Specifically, of the 4686 murders committed during the sample period, 205 are death-eligible cases that resulted in a homicide conviction, and 138 of these were charged with a capital felony. Of the 92 convicted of a capital felony, 29 then went to a death penalty sentencing hearing, resulting in 9 sustained death sentences, and one execution (in 2005). A comprehensive assessment of this process of winnowing reveals a troubling picture.
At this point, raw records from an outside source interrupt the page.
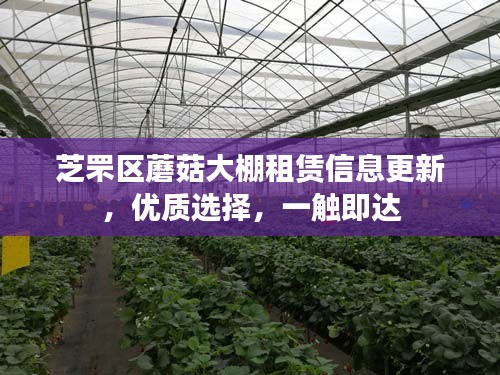 芝罘区蘑菇大棚租赁信息更新，优质选择，一触即达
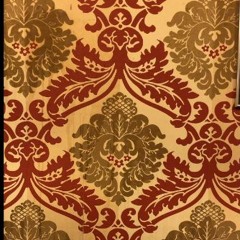 Staren naar de Sterren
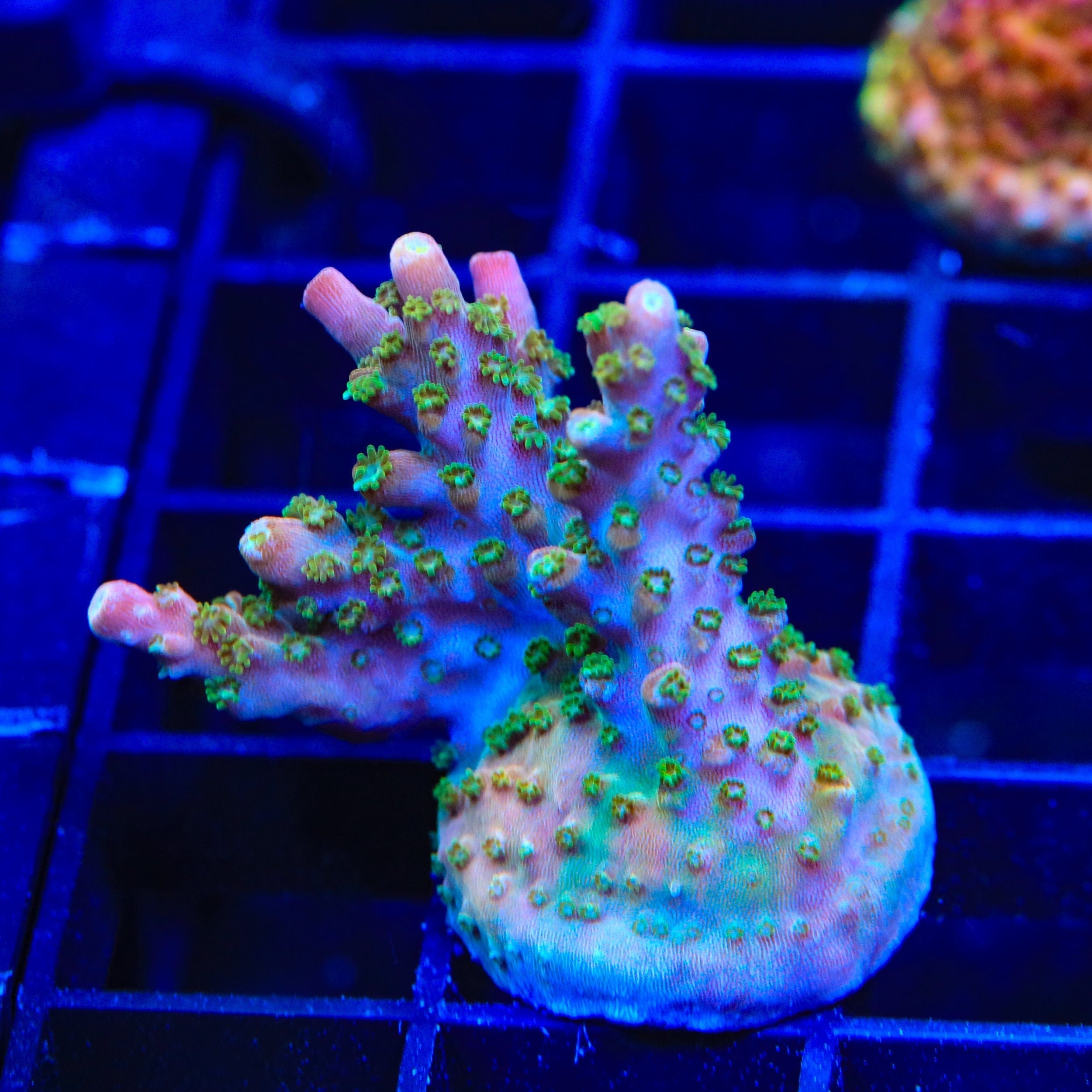 Premium BC Bubblebath Unicorn Acropora XL Frag Coral for Saltwater Aquariums - Perfect for Reef Tanks & Coral Propagation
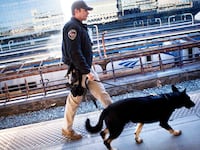 180130-collins-amtrak-hero_ck0oxw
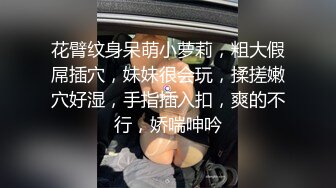 天美传媒 tmtc-009 趁老婆回娘家体验女仆服务-仙儿媛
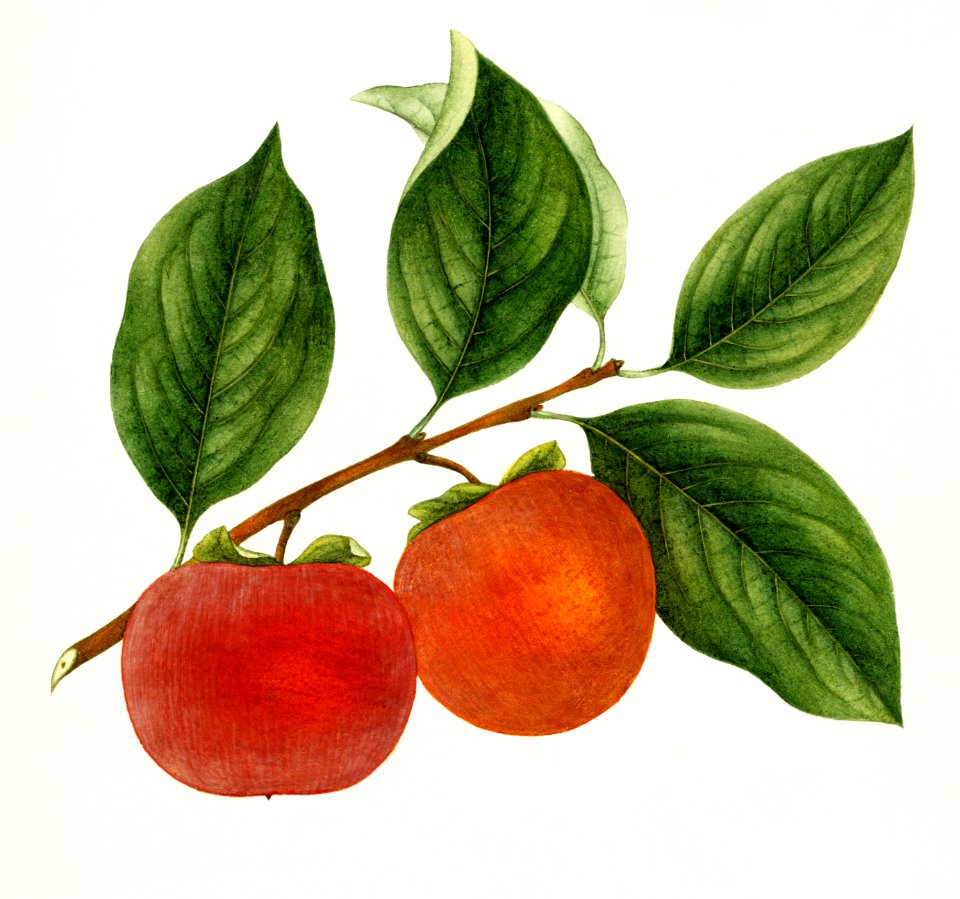 Vintage persimmon twig.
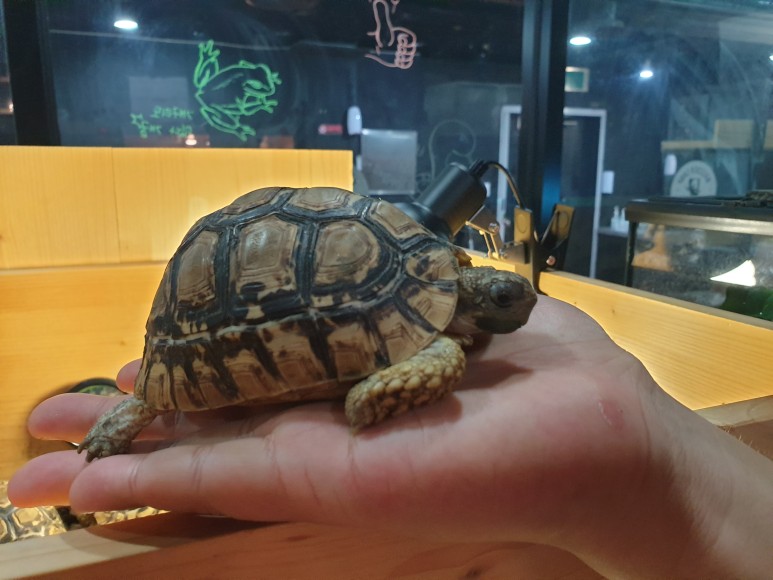 튼튼한거북이 이미지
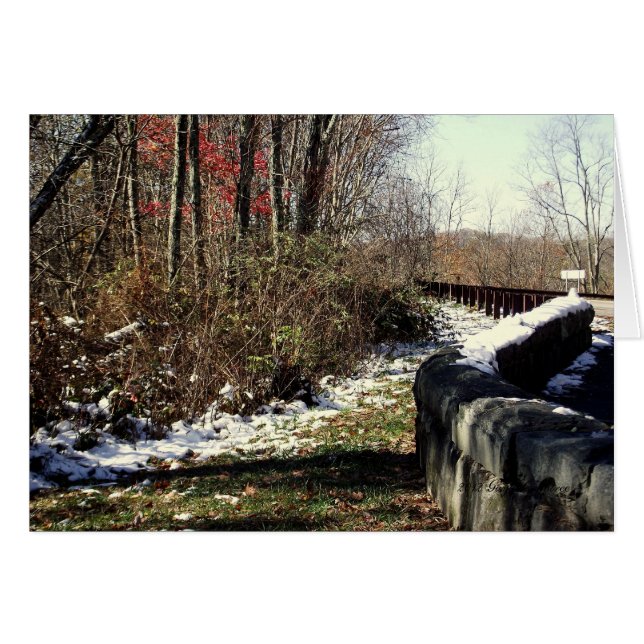 Snowfall on the Cherohala (Front Horizontal)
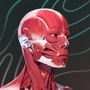 EasyAnatomy3D Public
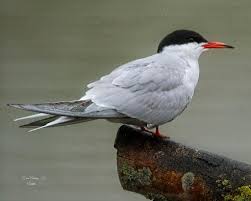 Attēlu rezultāti vaicājumam “Sterna hirundo”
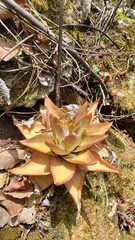 Echeveria dactylifera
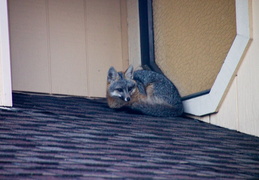 grey fox march 2012 03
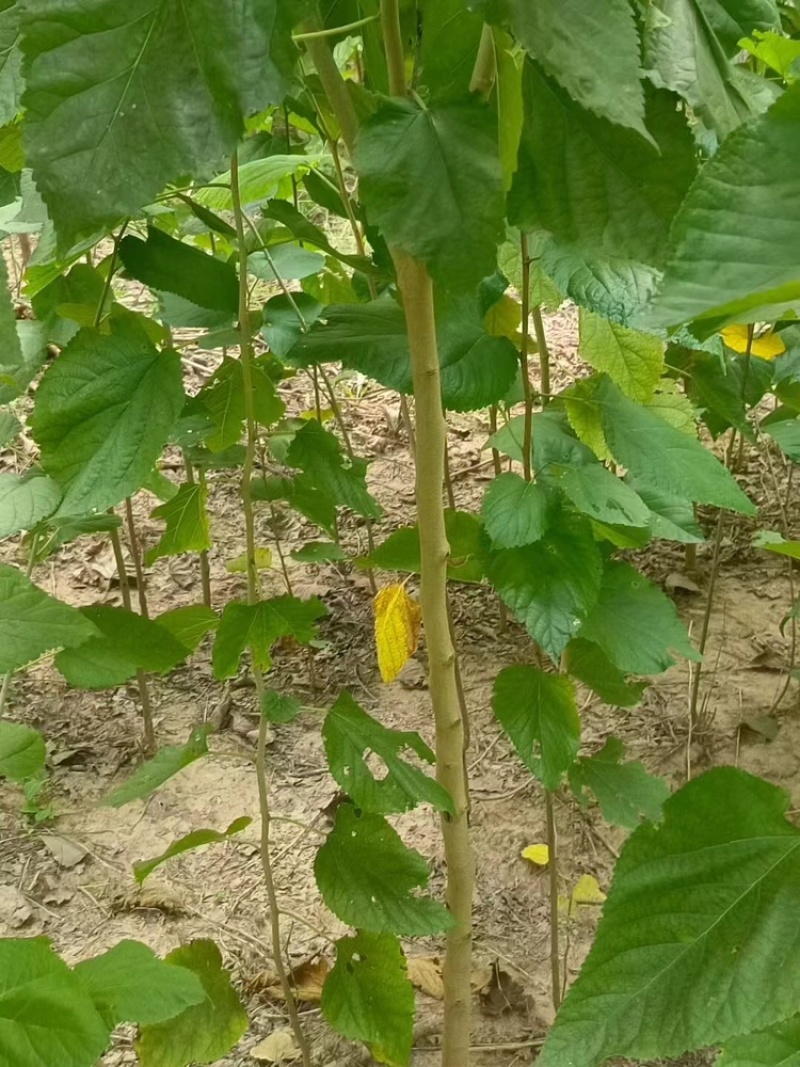 桑葚树苗实生桑苗绿化占地种植苗圃直发提供技术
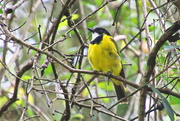 16th Feb 2021 - Golden Whistler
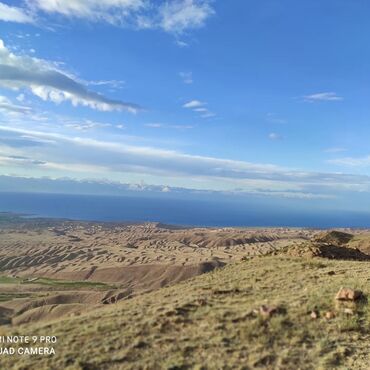 Сельхоз предприятия: Продаю Кошара, 200 соток, Действующий — 21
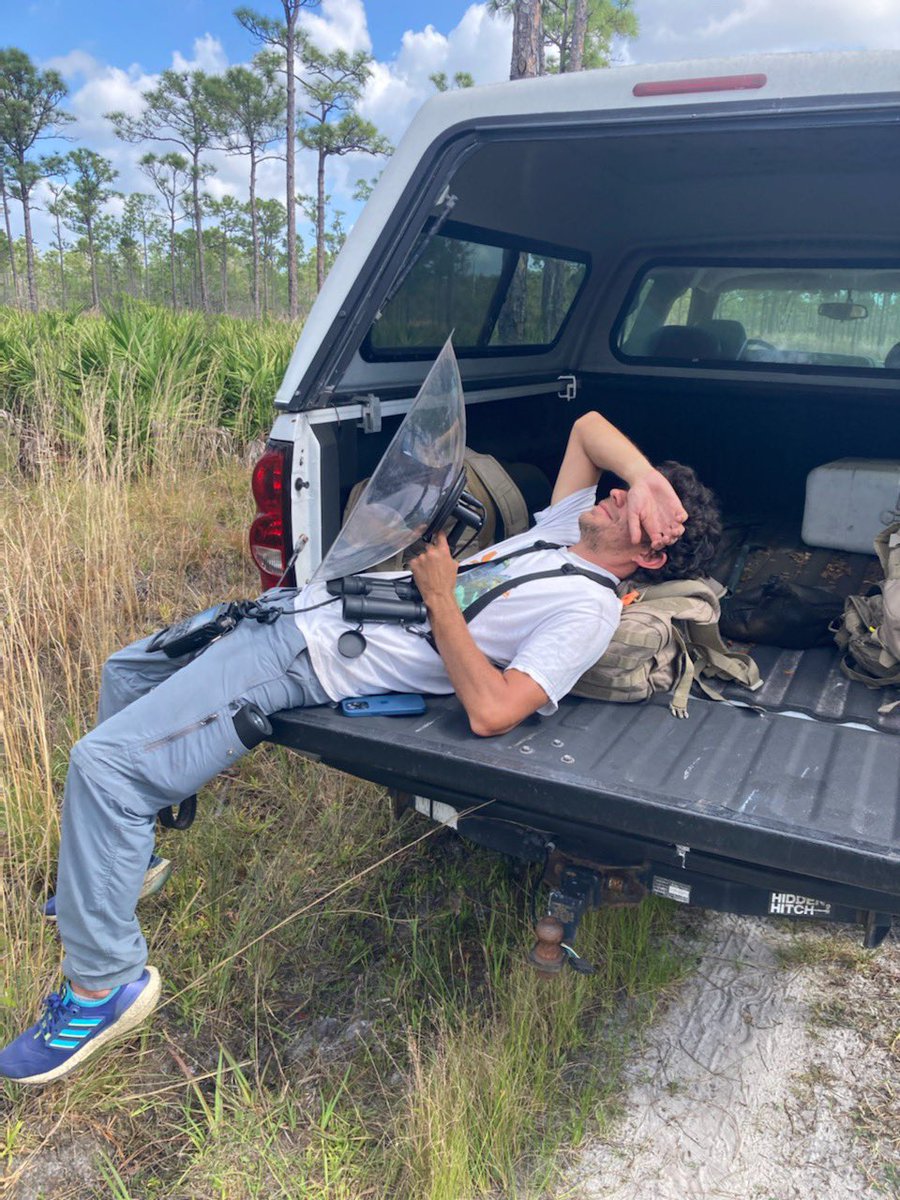 HGonzembach's tweet photo. Recording birdsong is hard work 😓 https://t.co/DTRLbicJH9
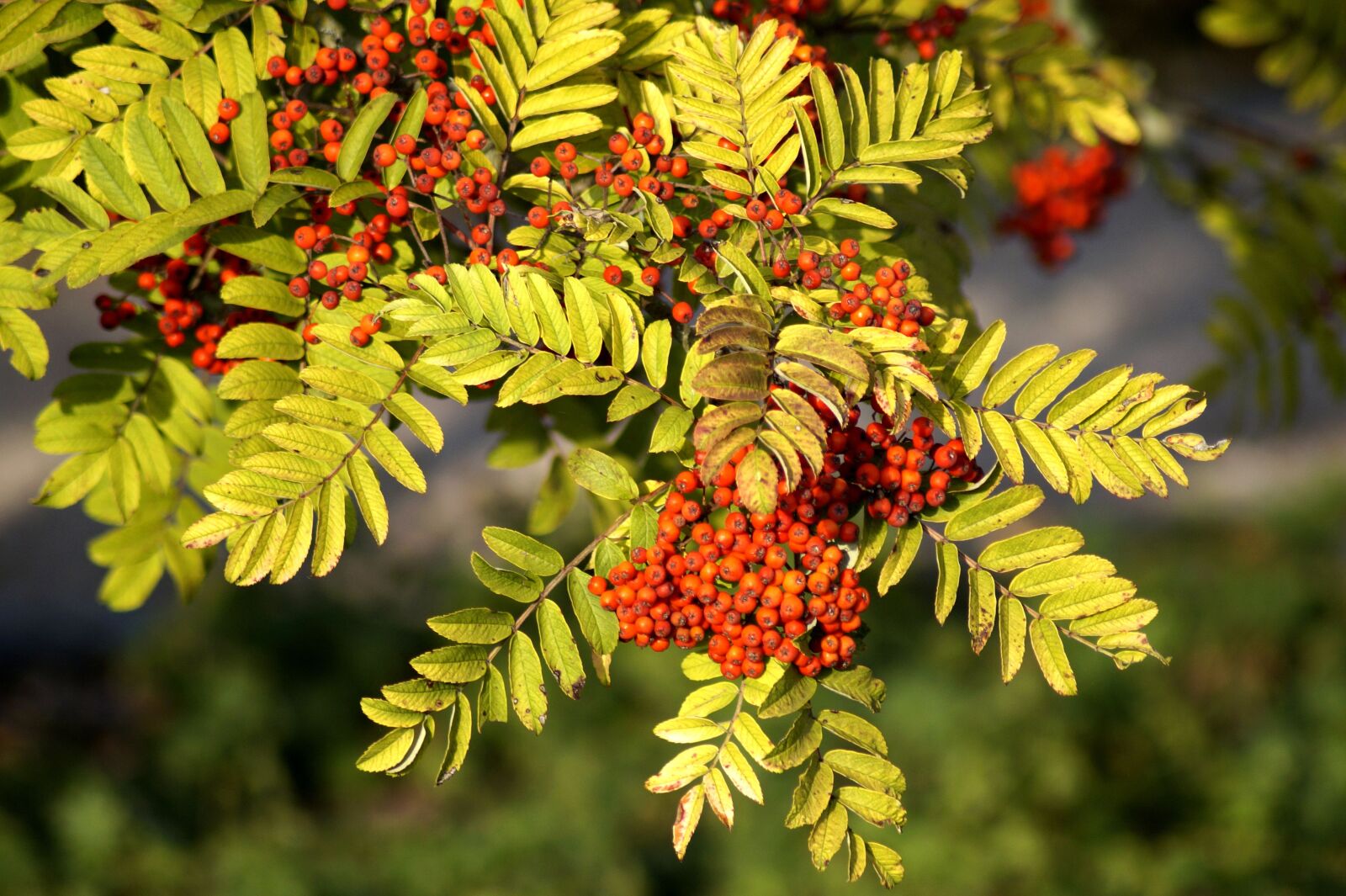 Sony SLT-A58 sample photo. Rowan, autumn, bird berries photography
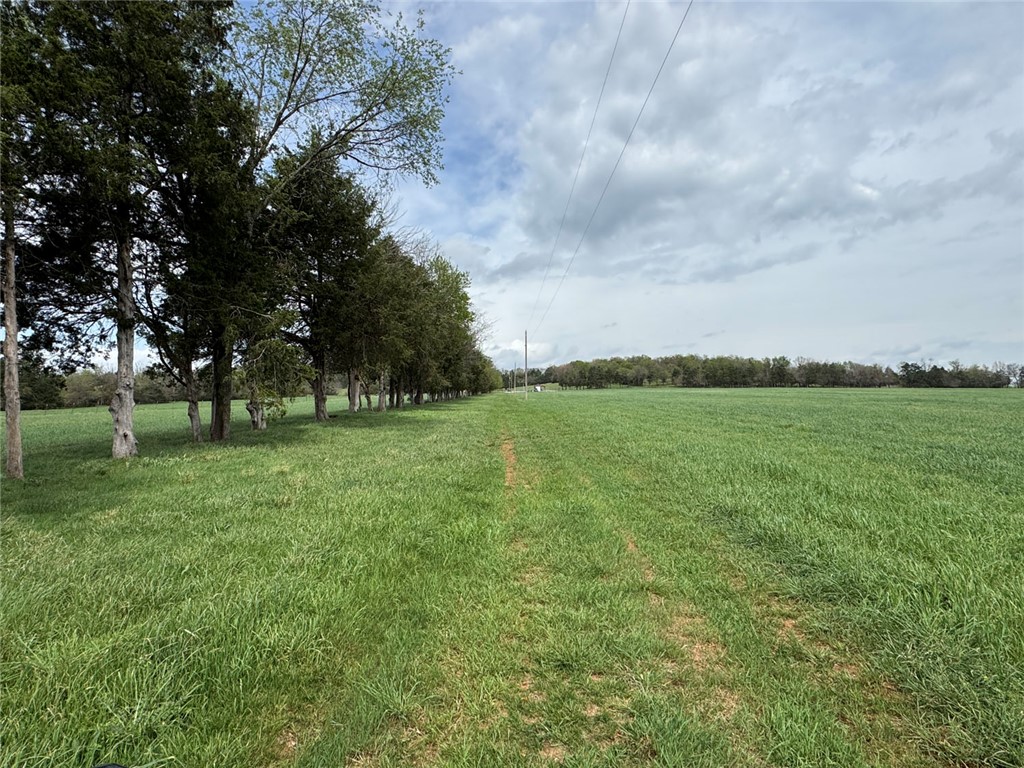 main property photo 10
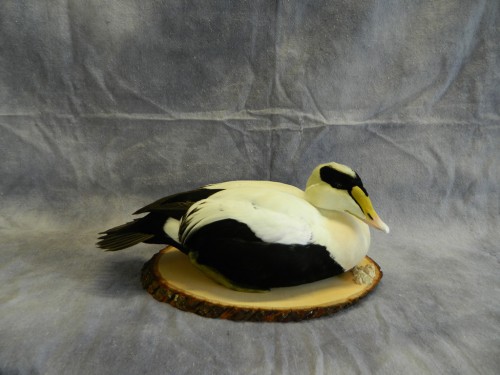 Common eider taxidermy mount; Boston, Massachusetts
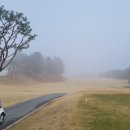 88컨트리클럽연습장 | 골린이 골프장 방문후기(ft. 88컨트리클럽 후기)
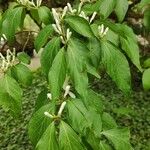 Lonicera maackii Folha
Overall, the state’s record of handling death-eligible cases represents a chaotic and unsound criminal justice policy that serves neither deterrence nor retribution.
Second, from the start and end of the NYT editorial:
The Supreme Court has not banned capital punishment, as it should, but it has long held that the death penalty is unconstitutional if randomly imposed on a handful of people. An important new study based on capital cases in Connecticut provides powerful evidence that death sentences are haphazardly meted out, with virtually no connection to the heinousness of the crime....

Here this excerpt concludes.